The **Watershed algorithm** treats the image as a topographic surface.

#### Topographic Interpretation

- **Intensity** = altitude
- **Local minima** = valleys (catchment basins)
- **Watershed lines** = boundaries between basins

#### Algorithm (Flooding Simulation)

1. **Identify markers** (seeds) for each region
2. **Flood** from each marker:
   - Water rises from local minima
   - When waters from different basins meet → watershed line
3. **Label** pixels by their basin

#### Mathematical Formulation

**Gradient magnitude** as topographic surface:
$$
\nabla f = \sqrt{(\frac{\partial f}{\partial x})^2 + (\frac{\partial f}{\partial y})^2}
$$

**Markers**: Binary images indicating object/background seeds

#### Marker Selection

**Problem**: Over-segmentation (too many basins)

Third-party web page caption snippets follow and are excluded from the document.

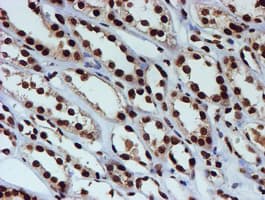 FMR1 / FMRP Antibody (clone OTI3B4)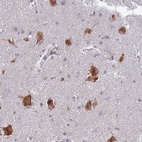 Anti-ELOF1 Antibody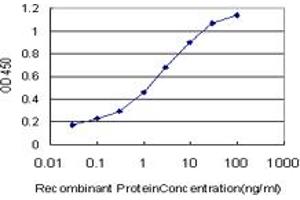 ELISA image for anti-Formiminotransferase Cyclodeaminase (FTCD) (AA 440-541) antibody (ABIN564712)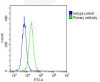 Overlay histogram showing Hela cells stained with Antibody (green line) . The cells were fixed with 2% paraformaldehyde (10 min) and then permeabilized with 90% methanol for 10 min. The cells were then icubated in 2% bovine serum albumin to block non-specific protein-protein interactions followed by the antibody (1:25 dilution) for 60 min at 37ºC. The secondary antibody used was Goat-Anti-Rabbit IgG, DyLight 488 Conjugated Highly Cross-Adsorbed (OH191631) at 1/200 dilution for 40 min at 37ºC. Isotype control antibody (blue line) was rabbit IgG (1ug/1x10^6 cells) used under the same conditions. Acquisition of >10, 000 events was performed.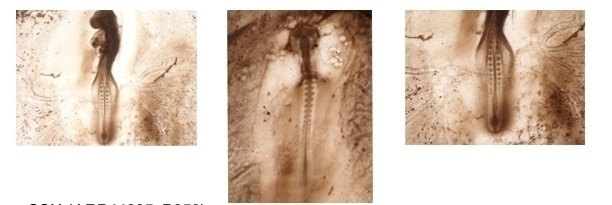 SHH Antibody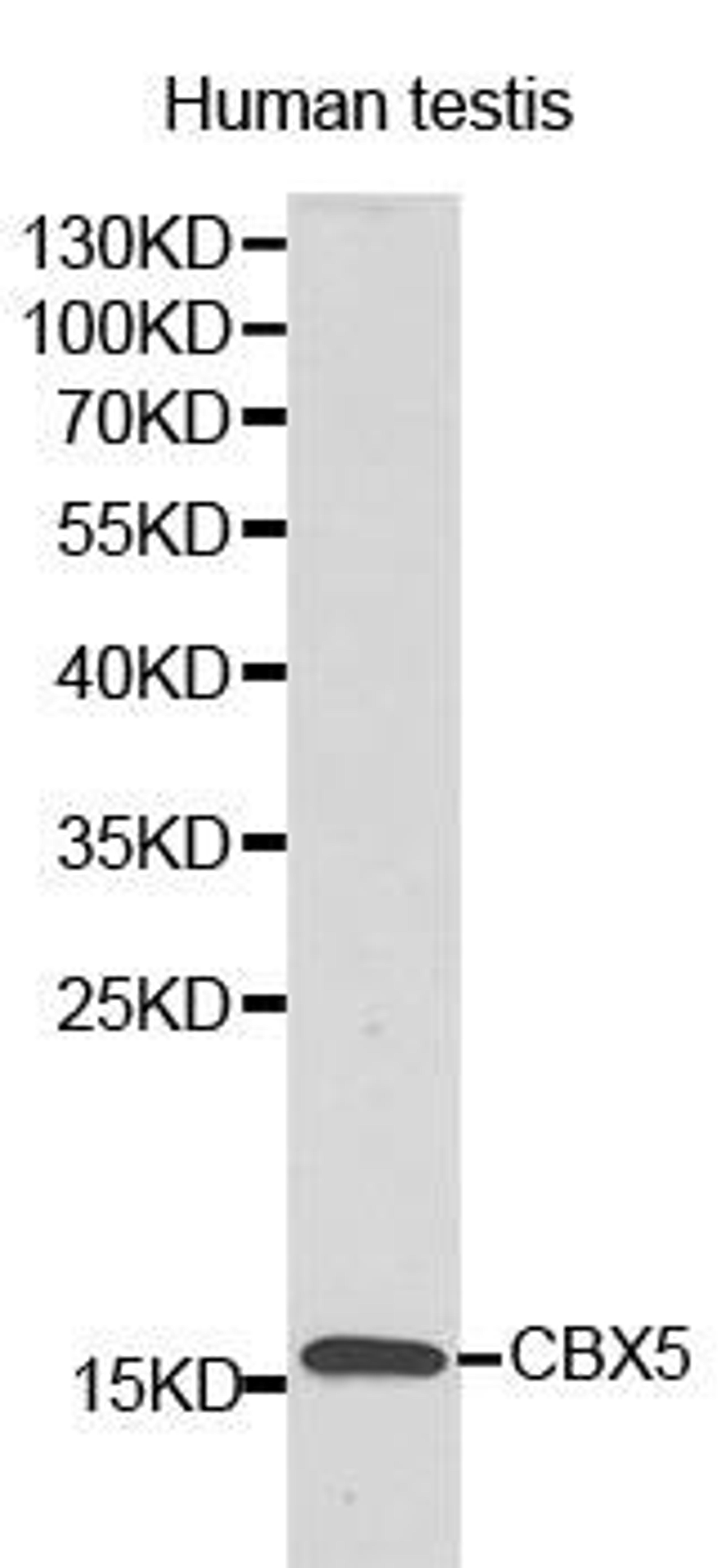 Western blot analysis of human testis cell lysate using LYZL6 antibody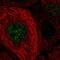 General Transcription Factor IIH Subunit 3 antibody, PA5-62808, Invitrogen Antibodies, Immunofluorescence image 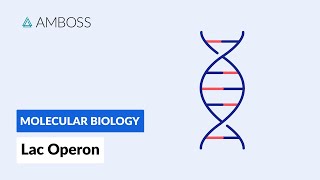 Prokaryotic Gene Regulation Lac Operon [upl. by Llennol]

**Solution**: Provide markers
1. **Foreground markers**: Sure foreground (via morphology)
2. **Background markers**: Sure background
3. **Unknown region**: Let watershed decide

**Common approach**:
- Distance transform → local maxima = foreground
- Dilation of foreground = background
- Between them = unknown

In [None]:
# Watershed segmentation
print("=" * 70)
print("WATERSHED SEGMENTATION")
print("=" * 70)

# Preprocess
gray = cv2.cvtColor(img_coins, cv2.COLOR_BGR2GRAY)
_, thresh = cv2.threshold(gray, 0, 255, cv2.THRESH_BINARY_INV + cv2.THRESH_OTSU)

# Noise removal
kernel = np.ones((3, 3), np.uint8)
opening = cv2.morphologyEx(thresh, cv2.MORPH_OPEN, kernel, iterations=2)

# Sure background area
sure_bg = cv2.dilate(opening, kernel, iterations=3)

# Sure foreground area (distance transform)
dist_transform = cv2.distanceTransform(opening, cv2.DIST_L2, 5)
_, sure_fg = cv2.threshold(dist_transform, 0.7 * dist_transform.max(), 255, 0)
sure_fg = np.uint8(sure_fg)

# Unknown region
unknown = cv2.subtract(sure_bg, sure_fg)

# Marker labeling
_, markers = cv2.connectedComponents(sure_fg)
markers = markers + 1  # Add 1 so background is not 0 but 1
markers[unknown == 255] = 0  # Mark unknown region as 0

# Apply watershed
markers_watershed = cv2.watershed(img_coins, markers)

# Mark boundaries in red
img_result = img_coins.copy()
img_result[markers_watershed == -1] = [0, 0, 255]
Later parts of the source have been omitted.